OK, the guy’s a first-class hypocrite, exposed by The Club, which went over the line hyperbolically and mischaracterized what Heller wants as a total ban (I see no evidence of that, even at the link they cite), because his campaign got most of his money from OUT of state.

But I am willing to go as far as CFG accused this guy of going, and I’ll walk it backwards to make my point:

  • Current laws (and common sense) forbid presidential candidates from receiving contributions from non-citizens or foreign entities (I know, those laws were violated in the 1990s; we don’t need to go there).
  • Why wouldn’t it be logical that US Senate candidates should only get campaign money from people who live in their state?
  • Then why should a congressional race be funded with any money coming from individuals who don’t live in the congressional district involved?

The best question is: Who in their right mind would ever expect political campaigns to be funded by anyone OTHER THAN those who live in the political jurisdiction where the contest is taking place? Conversely, why does anyone think they have the right, beyond expressing their opinion and spending the money necessary to make that expression possible, to contribute to a political campaign in a place where they don’t live?

In unison, The Club For Growth and every PAC in the land stand up and scream “free speech, free association.”

I say “Wrong, totally wrong.”

No one’s free speech is being trampled on. Anyone is free write a letter to the editor, stand on a soap box, or in modern times give their opinions in forums, on blogs, and on radio programs in support of or in opposition to a given candidate. Since I agree that money spent on expressing an opinion is protected speech, outsiders and outside organizations can also buy all the issue-oriented news, broadcast, and Internet ads they wish, as long as they disclose who they are AND where they are from.

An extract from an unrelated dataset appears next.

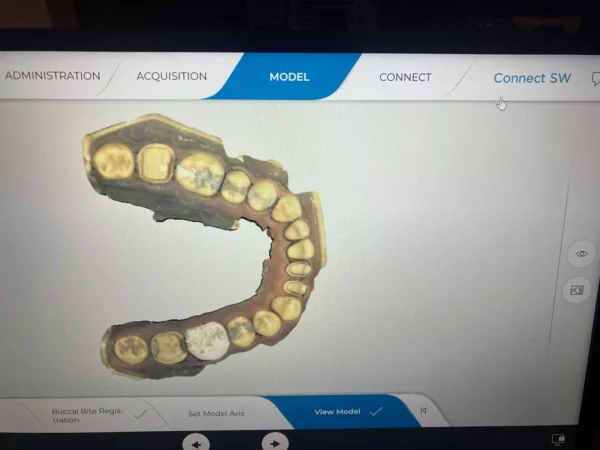 Sirona Primescan AC dental intraoral scanner (DI connect version) - Image 6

But nonresident individuals and outside organizations should not be able to contribute directly to individual candidates’ campaigns. Only people who live in the political jurisdiction involved should be able to make direct contributions. The people who live in a state or district have the right to expect that that THEY will be represented in Congress and the Senate, not busybodies or monied types who don’t hail from that state or district, and should be able to clearly identify when outsiders are exercising their constitutional free-speech rights to influence their election. I really don’t understand why, from here in Ohio’s Second Congressional District, I have the legal right to contribute to Arnold Schwarzenegger re-election campaign in California, Joe Lieberman’s or Ted Lamont’s Connecticut senatorial campaign, or even Steve Chabot’s or John Cranley’s congressional campaign in the district next door to the one I live in. A contribution to a candidate is not speech; it’s a campaign contribution. You want speech? Open your mouth; write a letter; buy an ad.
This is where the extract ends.